Siamo sempre in emergenza perché non sappiamo gestire la normalità
Stefano Allievi: "L'Italia è l'unico Paese civile in cui è in vigore dall’inizio dalla crisi"
La discussione sulla proroga dello stato di emergenza in Italia mostra quanto la cultura dell'eccezionalità sia ormai diventata pervasiva e potente, al punto che ci siamo sostanzialmente assuefatti ad essa.
Il presidente del consiglio butta lì, con sconfortante nonchalance, in una chiacchierata con la stampa, che chiederà la proroga dei suoi poteri fino al 31 dicembre – altri 5 mesi! – senza che nemmeno gli passi per la testa che dovrebbe doverosamente informare, prima, il parlamento. E i più si adeguano. I partiti sostenitori del governo, ovviamente, buona parte dei media, ma soprattutto dei cittadini. E si è lasciata la protesta in mano ai partiti di centro-destra e alla Lega (ironicamente, la stessa Lega che giusto un anno fa, senza nemmeno la plausibile motivazione del Covid, chiedeva i pieni poteri per il proprio uomo forte, e leader di tutto il centro-destra), come se la cosa non avesse alcuna rilevanza di metodo e di principio.

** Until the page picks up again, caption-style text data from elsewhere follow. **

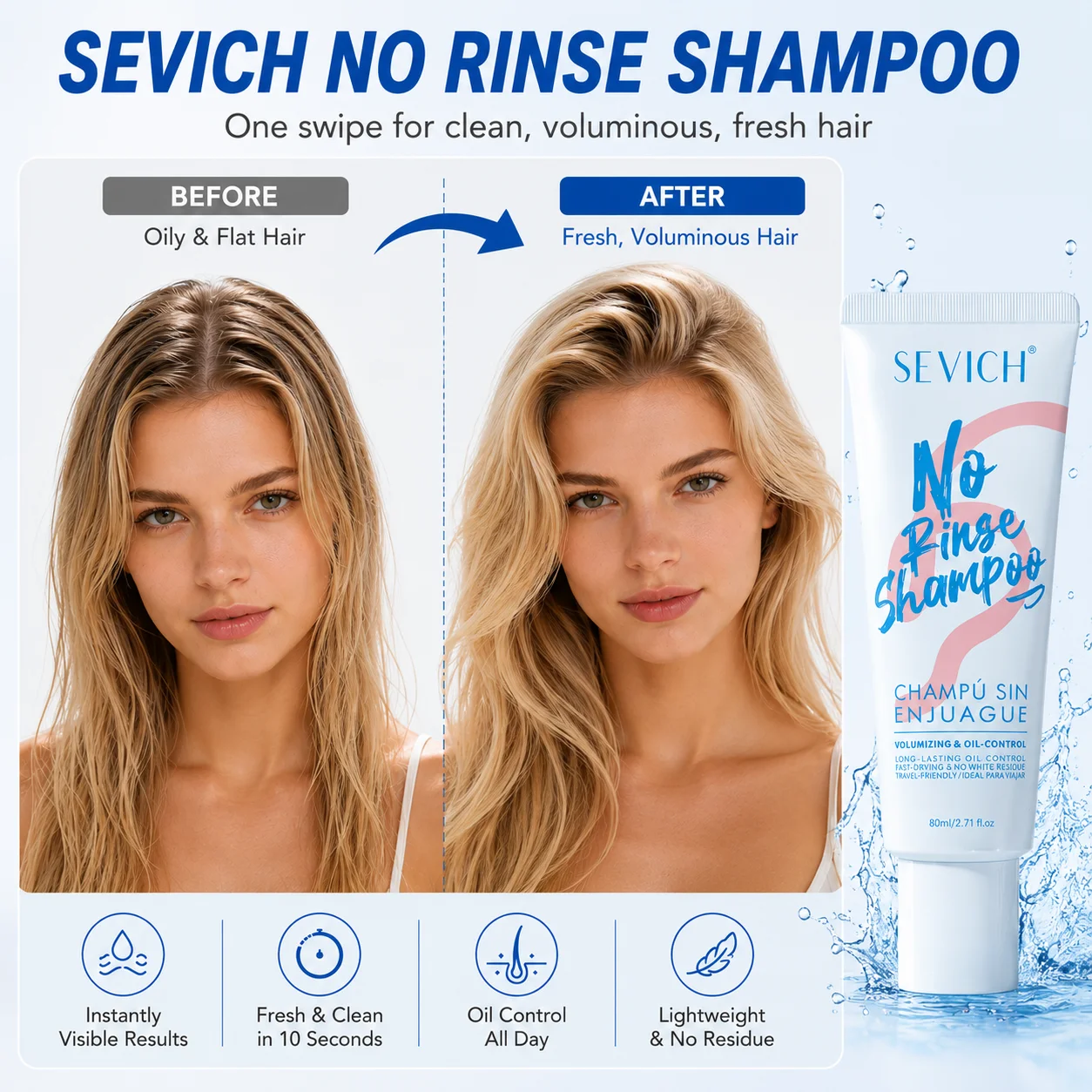 Wasserloses No-Rinse-Shampoo für Frauen, ölabsorbierendes Trockenshampoo, volumenverstärkend, für frisches, sauberes Haar, tragbare Reise-Haarpflege, 80 ml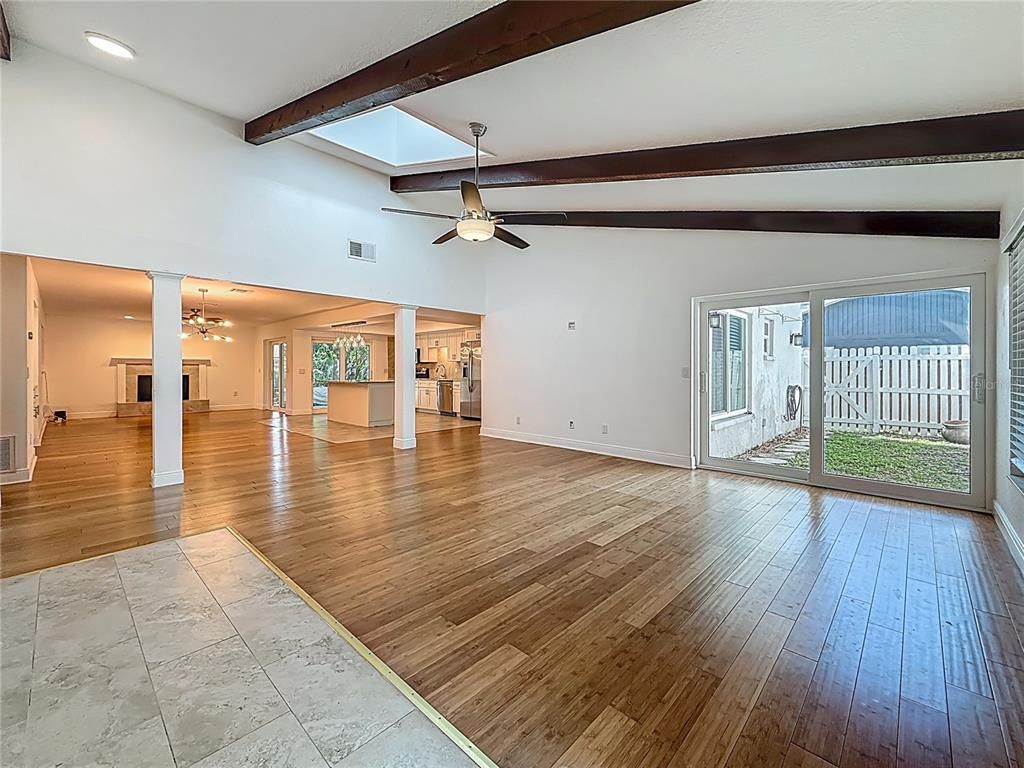 Empty room, Interior, Recessed Lighting, Wooden Beams, Wood Texture Flooring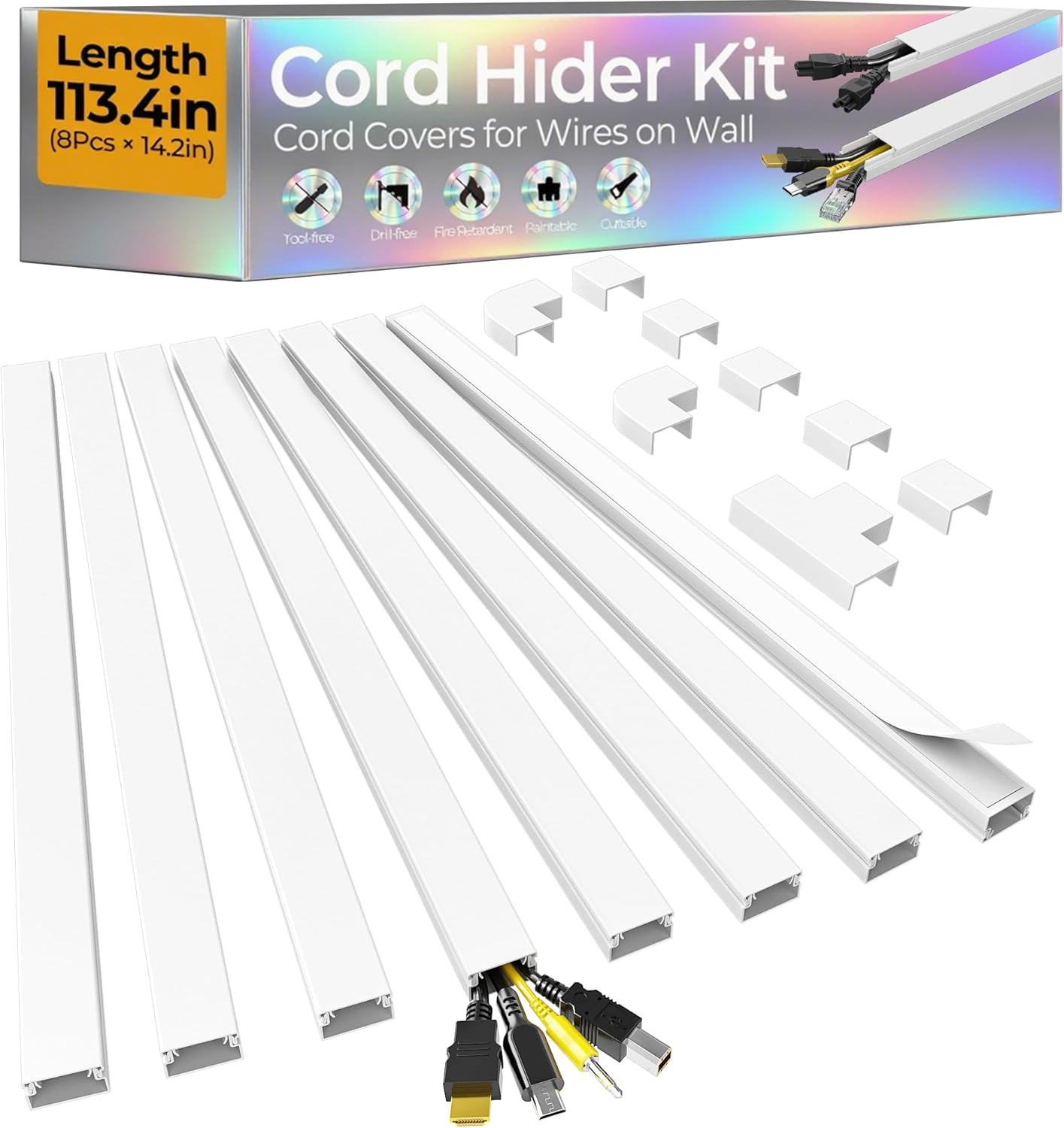 113.4in Cord Hider Kit, Cord Covers for 2-4 Wires on Wall, Self-Adhesive Cable H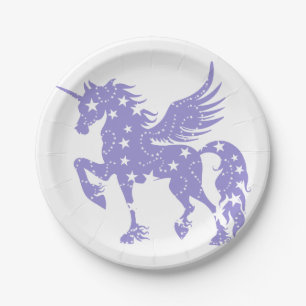 Unicorn pegasus - Choose background color Paper Plates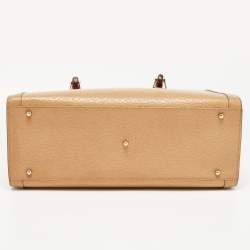 Pre Owned Gucci Tan Leather Medium Diana Tote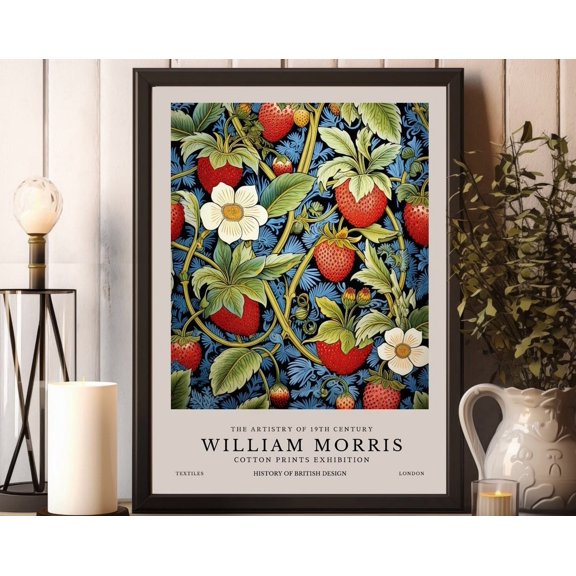 William Morris Print, William Morris Exhibition Print, William Morris Strawberry Poster, Vintage Wall Art, Textiles Art, Strawberry Artwork Wall Art, Modern Wall Decor, 8x12 UNFRAMED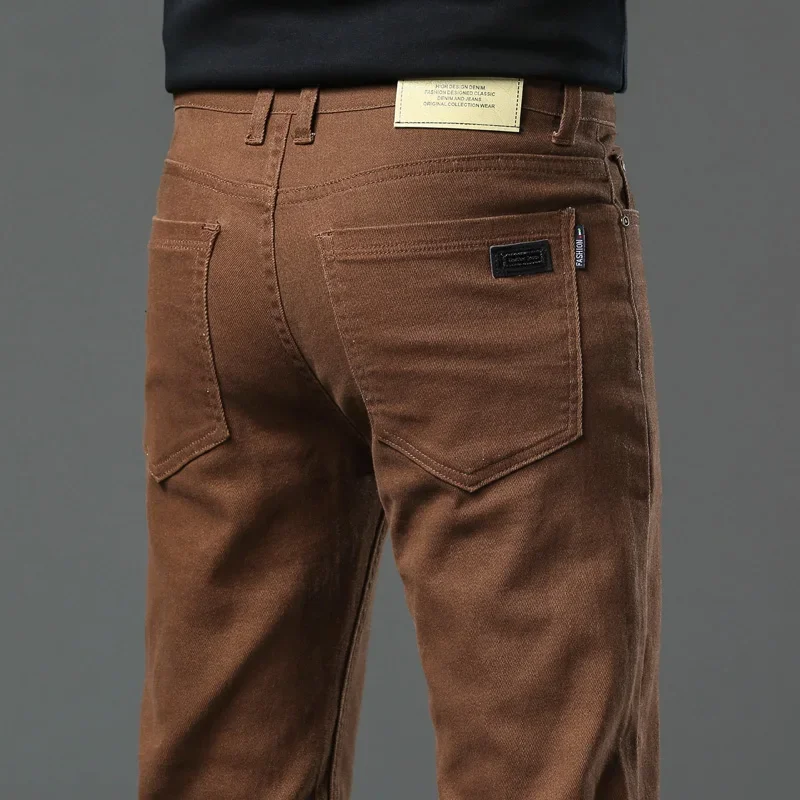 Nuevos pantalones informales de talla grande de gama alta para hombre, pantalones largos rectos elásticos sueltos de cintura media alta, ropa de marca, pantalones vaqueros ajustados 28-44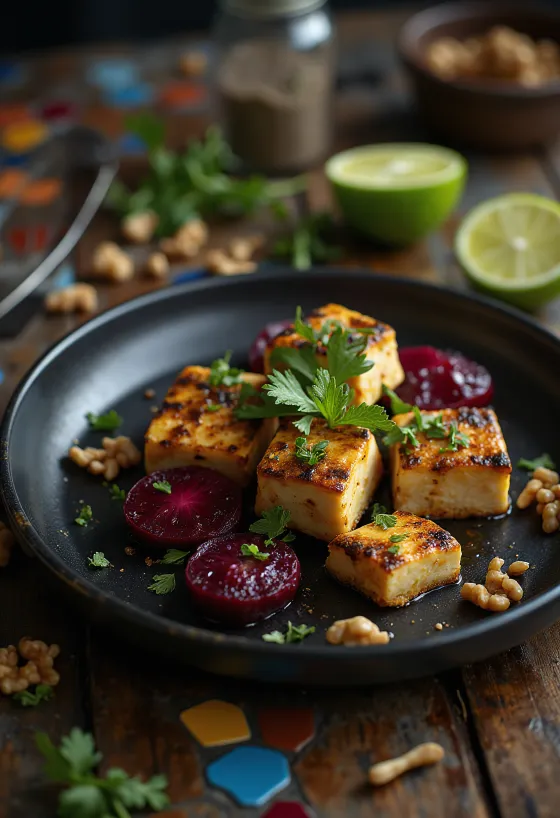 Würziger Limetten-Tofu auf Rote-Bete-Salat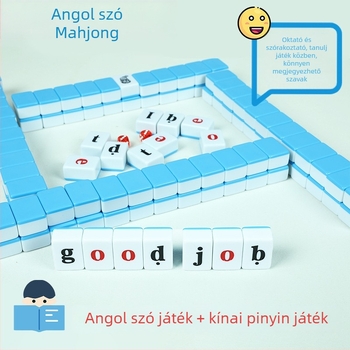 Mini Mahjong lapkák angol betűkkel és szavakkal, Pinyin kiadás gyerekek gondolkodásának fejlesztésére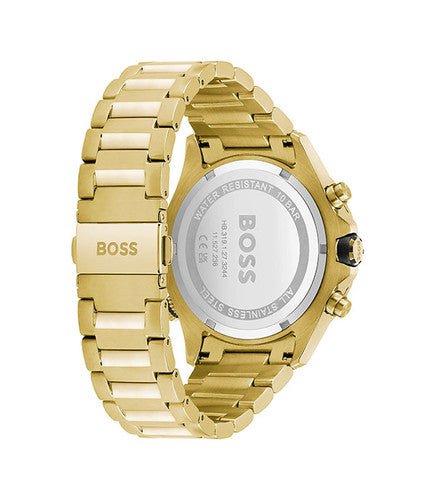 Hugo Boss Globetrotter Chronograph Black Dial Gold Steel Strap Watch for Men - 1513932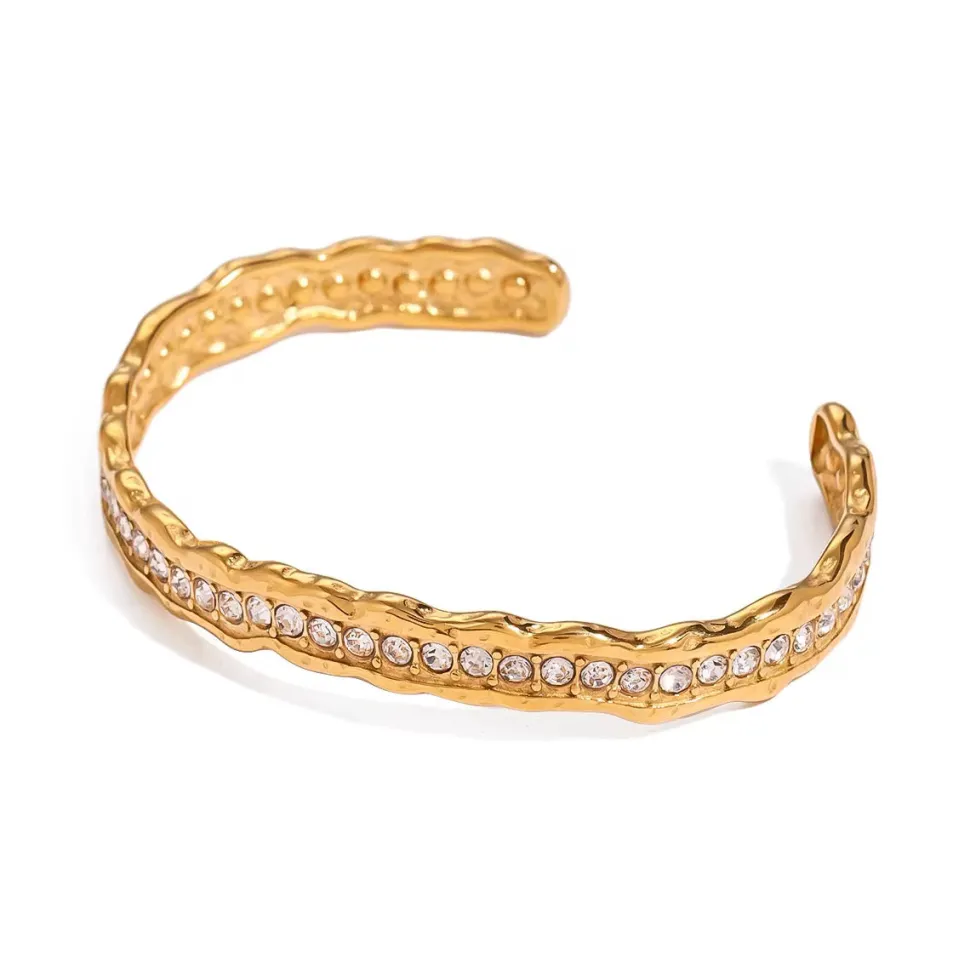 18K Textured CZ Bangle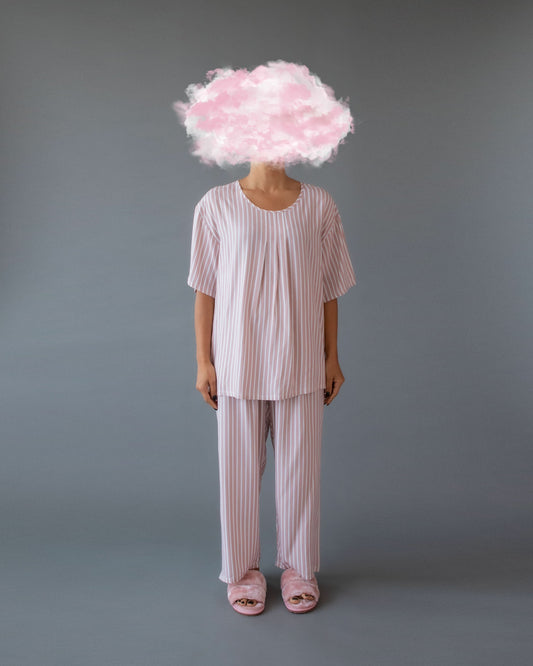 Short Sleeve PJ Dusty Pink Stripe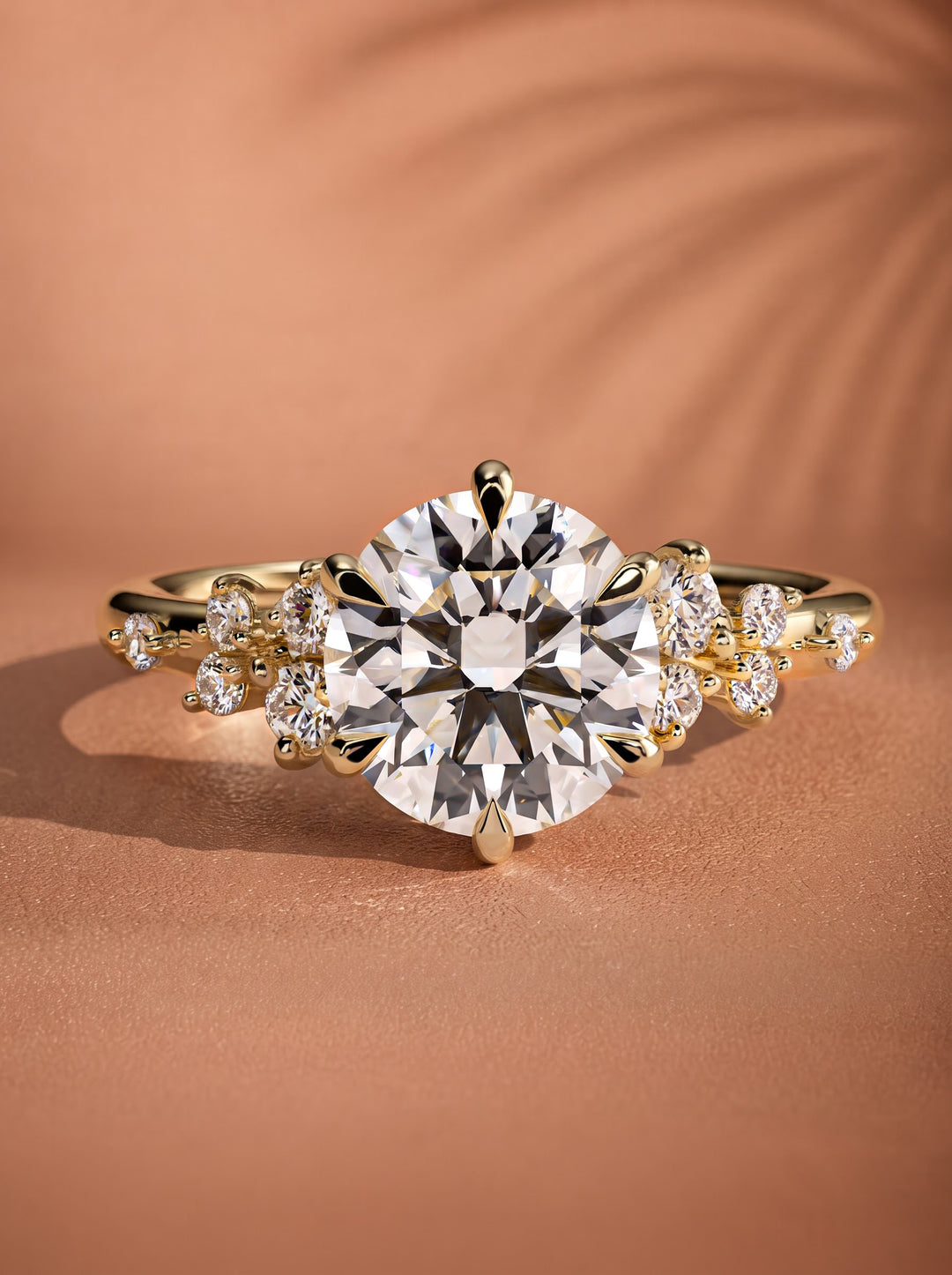 2.0CT-3.0CT Round Lab Grown Diamond Cluster Engagement Ring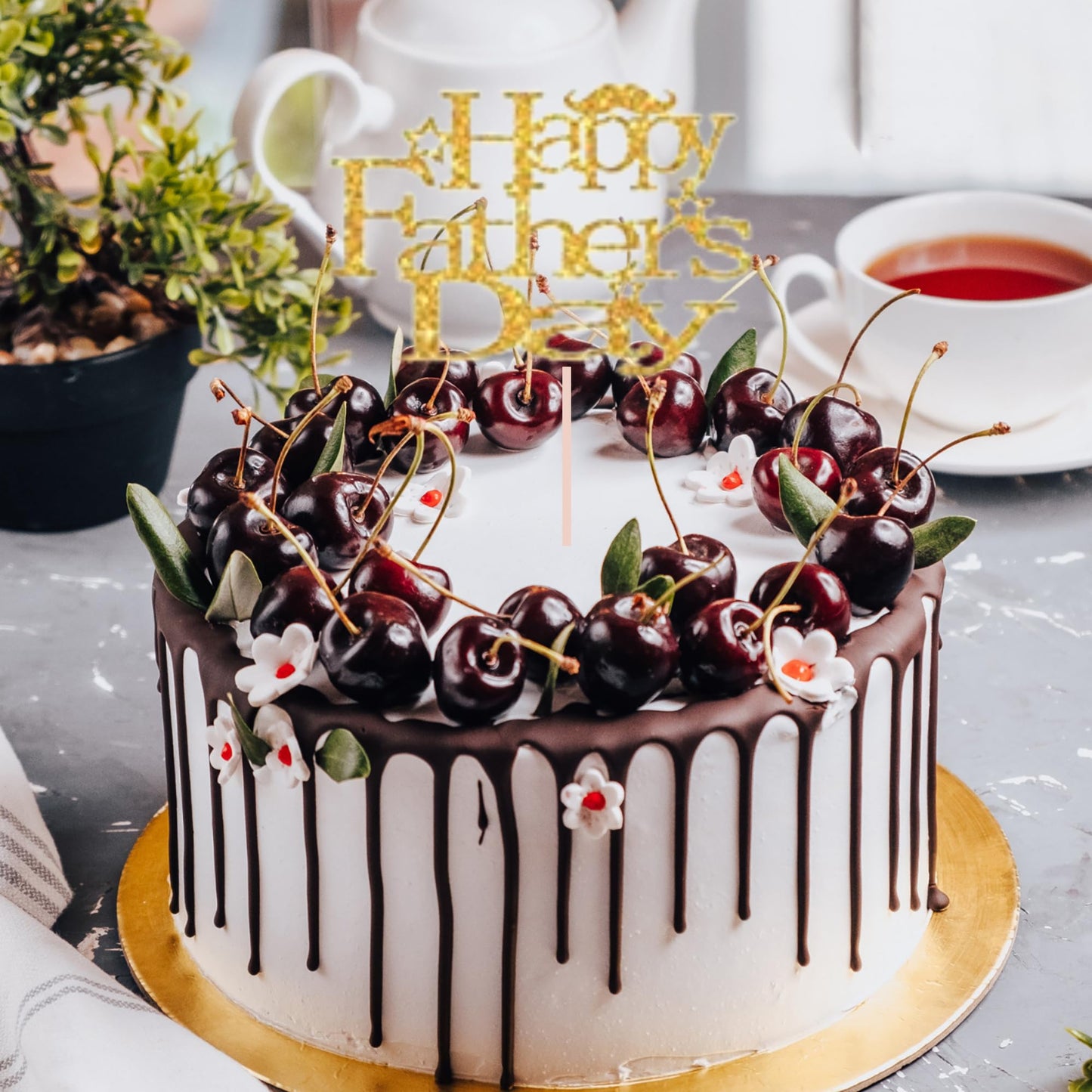 Happy Fathers Day Cake Topper Glitter Cardstock Toppers -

E invece ce l'ha eccome.
È evidente che lo stato d’emergenza italiano non ha nulla a che fare con i golpe, gli Orban o le dittature sudamericane, e può avere una funzione in caso di recrudescenza della pandemia. È altrettanto evidente, tuttavia, che la sensibilità democratica conta. In Europa alcuni paesi non l’hanno mai introdotto, altri l’hanno introdotto con limiti cogenti, e quasi ovunque è terminato in aprile, in Spagna il premier Sanchez andava ogni 15 giorni a farselo rinnovare davanti al parlamento, giustificandone l’utilità finché è stato necessario. Solo da noi, tra i paesi civili, è ininterrottamente in vigore dall’inizio dell'emergenza e se ne chiede l'estensione fino a fine anno. Oltre tutto, trattandosi di un provvedimento che, volendo, potrebbe essere reintrodotto in un quarto d'ora di consiglio dei ministri, in caso di necessità.
Perché allora, da noi, questa vistosa eccezione? Per molti motivi. Cominciamo da quelli davvero funzionali: per abbreviare la catena di comando e aumentare la rapidità di decisione. Il che la dice lunga sulla fiducia che gli stessi governanti (i governati lo sanno per esperienza) hanno sulla loro capacità di gestire i processi: essendo abituati al fatto che la normalità non funziona, ci affidiamo all’eccezionalità (purtroppo, solo illusoriamente, come si è visto con l’incapacità dei commissari nazionali anche solo di procurarci delle mascherine, non parliamo di una efficace e generalizzata gestione di tracciamenti e tamponi). Le ragioni vere, di comodo, però sono altre: lo stato d’emergenza dà una vastissima vetrina a chi governa, una certa condiscendenza degli opinion leaders, e un consenso generalizzato da parte della pubblica opinione maggiormente impaurita; ecco perché, dichiarato esplicitamente o meno, ne hanno fatto grande uso i governanti sia a livello nazionale che regionale. In più, questo stato di cose silenzia sostanzialmente le opinioni contrarie, e soprattutto mette in ombra, sotto la visibilità delle grandi questioni (come è appunto lo stato di emergenza), i piccoli malfunzionamenti della macchina che l’emergenza dovrebbe gestirla: in Italia, senza riuscirci un granché. Tanto che potremmo dire che la situazione di emergenza sia anche conseguenza dell’incapacità di gestire l’emergenza: che produce la necessità di strumenti speciali come lo stato di emergenza. Stessa logica di chi, in altro ambito, non gestendo l’immigrazione fin dalla regolarità degli arrivi, produce irregolarità e di conseguenza insicurezza, cui risponde chiedendo consenso per leggi speciali e decreti sicurezza.
Infine, chi governa sa bene che la logica del nemico esterno funziona benissimo per convincere la polis ad unirsi sotto la guida dei governanti, contro la minaccia che viene da fuori (dal mondo minaccioso della foresta: i forestieri, i foresti, appunto). Da Tucidide a Carl Schmitt, passando per Machiavelli e Hobbes, questa logica è quella che, da che mondo è mondo, spinge a dichiarare una guerra per silenziare l’opposizione interna e guadagnare consenso tra i sudditi. Il fatto che il nemico esterno, oggi, non sia uno stato, un esercito straniero, una minoranza interna da usare come capro espiatorio, ma un virus, non cambia la sostanza e l’efficacia del meccanismo.